My own experience with chickens comes at the behest of others. Because I am still waiting for my farm to come in yet inexplicably own two donkeys, I have, for many years been a tenant — some might say a more accurate term is “squatter” — on other people’s farms. As such, I often find myself interacting with other people’s chickens.

This has been interesting. Sometimes there are free eggs, in colors I didn’t know eggs could be. Once, a chicken hopped in my Jeep when I wasn’t looking, and I didn’t realize there was a chicken in the backseat until I was a few miles away. Hens are great. Roosters, I’ve come to learn, are evil.
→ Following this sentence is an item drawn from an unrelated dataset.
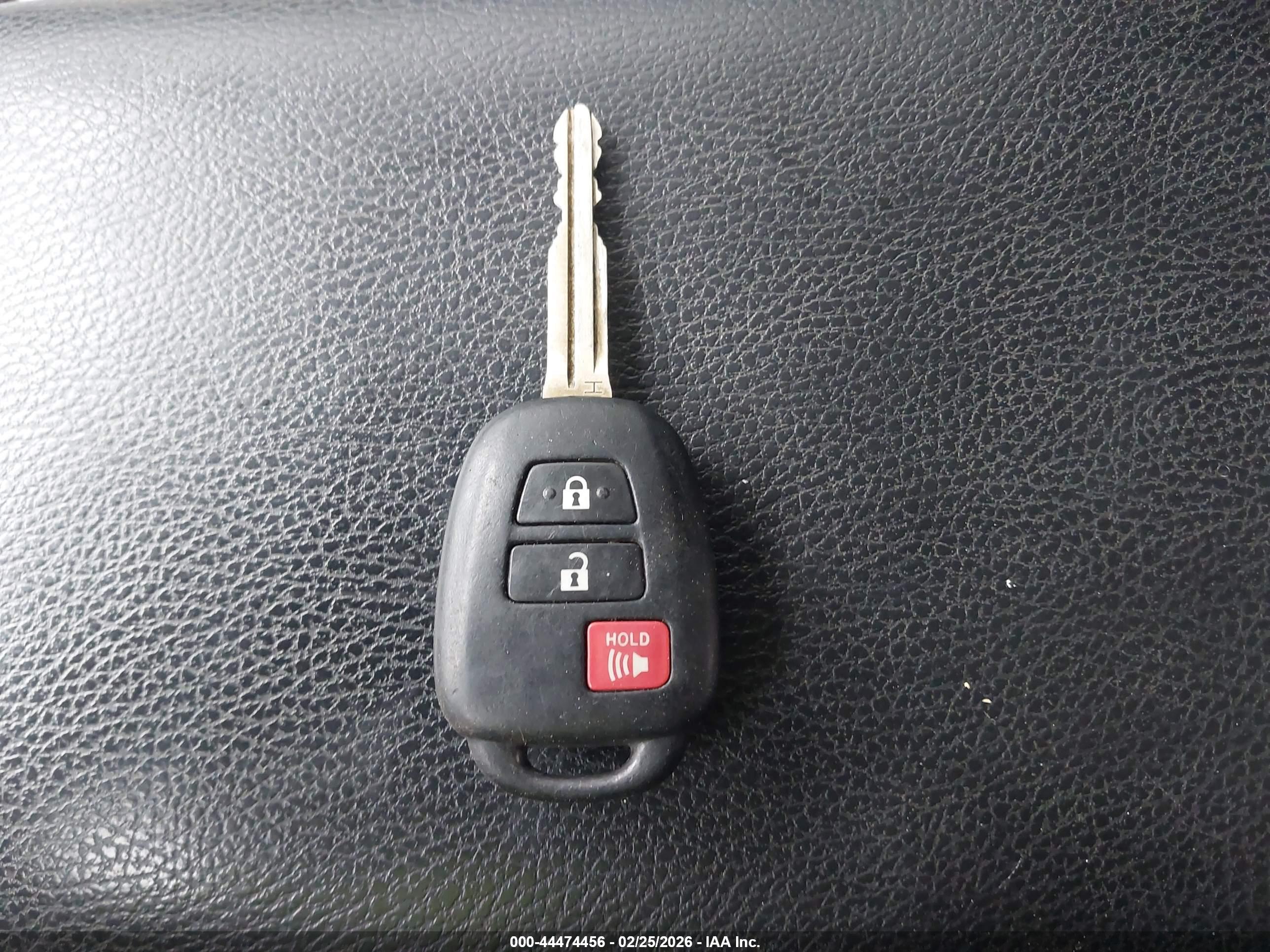 TOYOTA RAV4 image 11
At the barn where I’m currently squatting, there resides a rooster who decided to expand his territory to the room.where the horse feed is kept. This is a problem since I feed the horses three mornings a week and need to access the bins of grain, and for reasons unknown, I’m on his no-fly list. No amount of negotiation or food scraps will distract him. Lately, I’ve been having to arm myself with a broom in order to cross into the occupied territory. Once, I was not diligent enough and tried to get by him without weaponry, and the beast attacked, drawing blood and leaving three long scratches on my exposed legs.

The myths are wrong about the devil being a goat. The devil doesn’t have horns. He has feathers and a wattle.

There is no greater indignity for a fully grown adult than being chased by a chicken, as I now have been. This is why, in the case of Big Roo, I have decided to side with the killer.

Big Roo, as reported by various Florida news outlets last year, was a rooster who lived in a trailer park and spent his days doing what roosters do, which is to terrorize innocent civilians. One day, a neighbor took a stick to Big Roo and hit the rooster in the head, killing it. When Big Roo’s owner came home to find his rooster dead in a ditch, he called the police, and Big Roo’s assailant was arrested and jailed for animal abuse.

The case made the local news not because it was newsworthy — as the perpetrator said, “Chickens die every day, people” — but because the key players were unintentionally hilarious. Among their many one-liners, Big Roo’s assailant said his neighbor “had called the chicken police on me,” and the rooster’s owner said he knew something was wrong with Big Roo because when he would get home, “he would always come and chase me.”

Not surprisingly, the felony animal cruelty charges that were initially filed against James Nix were soon dropped, although the trauma of spending 30 hours in jail and being attacked by a chicken will stay with him forever.

There are several takeaways for the rest of us. First, relationships are fragile. One day, you are living peaceably in your Jacksonville trailer park, and you’re on speaking terms with your neighbors and all is the right with the world, and the next, you’re on the local news and in either jail or the ER, and you’re going to have to find a new place to live and a new pet, maybe one that doesn’t chase you.

Second, in the field of entertainment, there is a huge market, an insatiable appetite, for things that southerners say as they go about their everyday lives. We already knew this from the success of the Sh%t Southern Women Say videos, but now we know YouTube virility can be totally unscripted. If you are seeking a lucrative career, go to Florida with a laptop and a microphone.

And finally, if you know someone with a rooster, move, or carry a big stick. A broom works for me most of the time, although some days I also need a pitchfork. I am careful just to sweep the rooster and not hit him in head.